(By K.M. Richards) As we all know by now, the latest Nielsen PPM fiasco turns out to be a single family with multiple meters which were exposed long-term to an online stream. And Nielsen’s “fix” is to remove that household from the process. I do not believe that’s going to restore the growing suspicions by the radio industry that PPM is not an accurate method of determining the listenership numbers.
This is only, as I said above, the “latest” in a string of negative incidents involving that little listener-worn device. Going back only about 18 months, we’ve endured the headphone measurement issue, the faulty reboot logic incident, confirmed irregularities in the Los Angeles ratings (even though Nielsen claims they weren’t significant enough to warrant even a footnote in “the book”), Mark Ramsey’s debate over placement of PPMs and number of households involved per market, the Voltair controversy, Harker Research’s report on minute-by-minute listening, and Coleman Research’s finding that older listeners by far “turn on/turn off” radio than switch between stations …
And yet we seem to be stuck with it, even though it’s never — as Arbitron had promised when they first rolled out the technology over a decade ago — expanded beyond the top 50 markets (okay, top 52 … but four of those are still on diaries). The claim has always been that PPM was developed to give the advertising agencies a better picture of the markets’ listening habits, but I find myself wondering if they might also be less than satisfied with the result.
Do they even know the sample size with PPM is lower than with the old diary-keeping method? Do they realize that a percentage of the reported “listenership” could be the result of a station in the background, but still detectable, being in the vicinity of a meter but the person wearing it not consciously listening? Do they know that younger demographics have been proven to switch stations at the first notes of a song they dislike or if they perceive a long commercial stopset is starting?
It’s my opinion that PPM provides a lot of irrelevant data and not enough that is relevant, and I believe the former is skewing the latter when it comes down to the processing of that data into the reports that both the stations and the agencies live and die by. And I have a fairly simple argument for going back to the diaries, by turning some of the so-called “flaws” in that methodology into a compelling positive.
I believe that stations want to know how they stand in their markets in terms of P1, P2, etc. That’s certainly the distinction most programmers focus on when trying to improve (and/or hold on to) their standing. Diary-keepers are proven to list the stations they listen to the most when filling out their personal reports; they don’t include incidental listening (which shouldn’t be important anyway) and if they dial-switch they tend to apportion their listening between all the stations they actively switch between. Let the book reflect who their actual favorite, listened-to stations are and don’t try to calculate it down to such a small fragment of time that the wobble erases the distinction.

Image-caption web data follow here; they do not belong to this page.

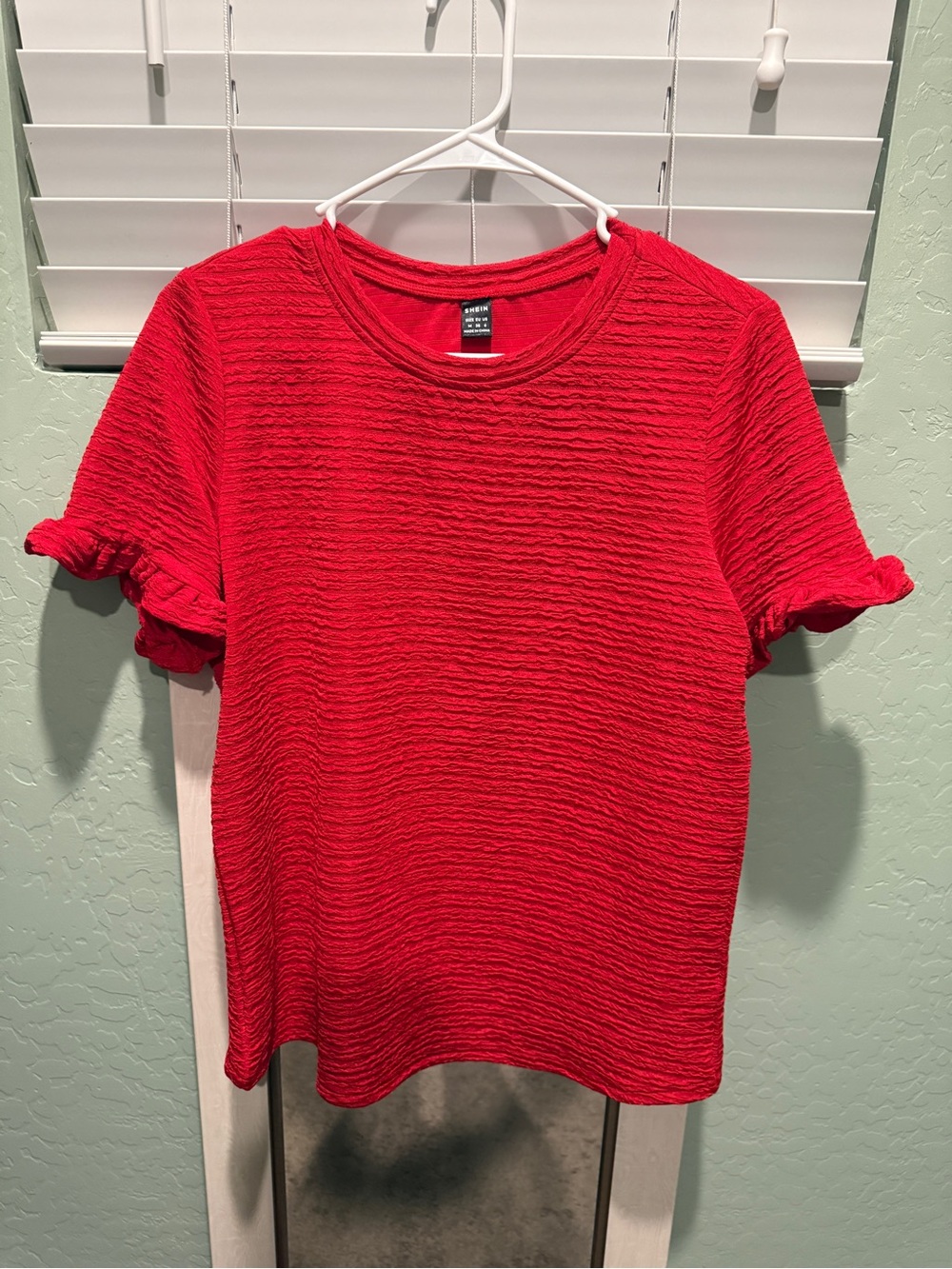SHEIN Red Textured Short Sleeve Ruffle Tee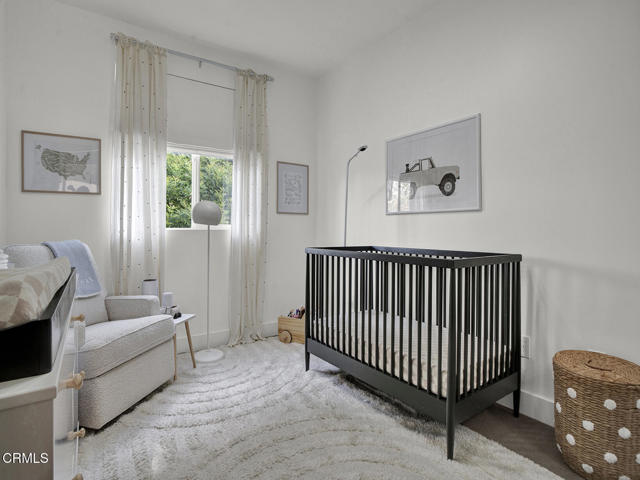5662 Hazeltine Avenue, Van Nuys CA: https://media.crmls.org/mediaz/3b77def9-b3f4-4bfc-ab3d-dc2a123eb763.jpg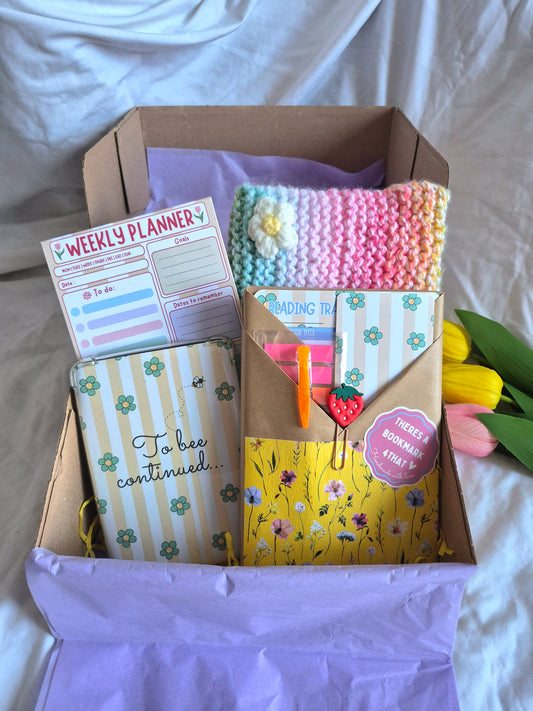 Spring bookish gift box for booklovers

A version of that argument applies to the time buyers as well: They shouldn’t … they likely don’t … care the precise number of minutes people listen to specific radio stations. They want — and need — to know which stations get the highest percentages of the listening for whatever demographic(s) their client wants to reach. If a diary gives them that with a reasonable margin of error (and it still does, in the vast majority of markets) that is enough for them to make their decisions.
Ratings have always been a popularity contest. Beyond that, trying to sort them into smaller granularity is more showing off the technology than providing something that is useful to all involved.
Let’s scrap the technology and go back to the method which gives us the result we really wanted all along.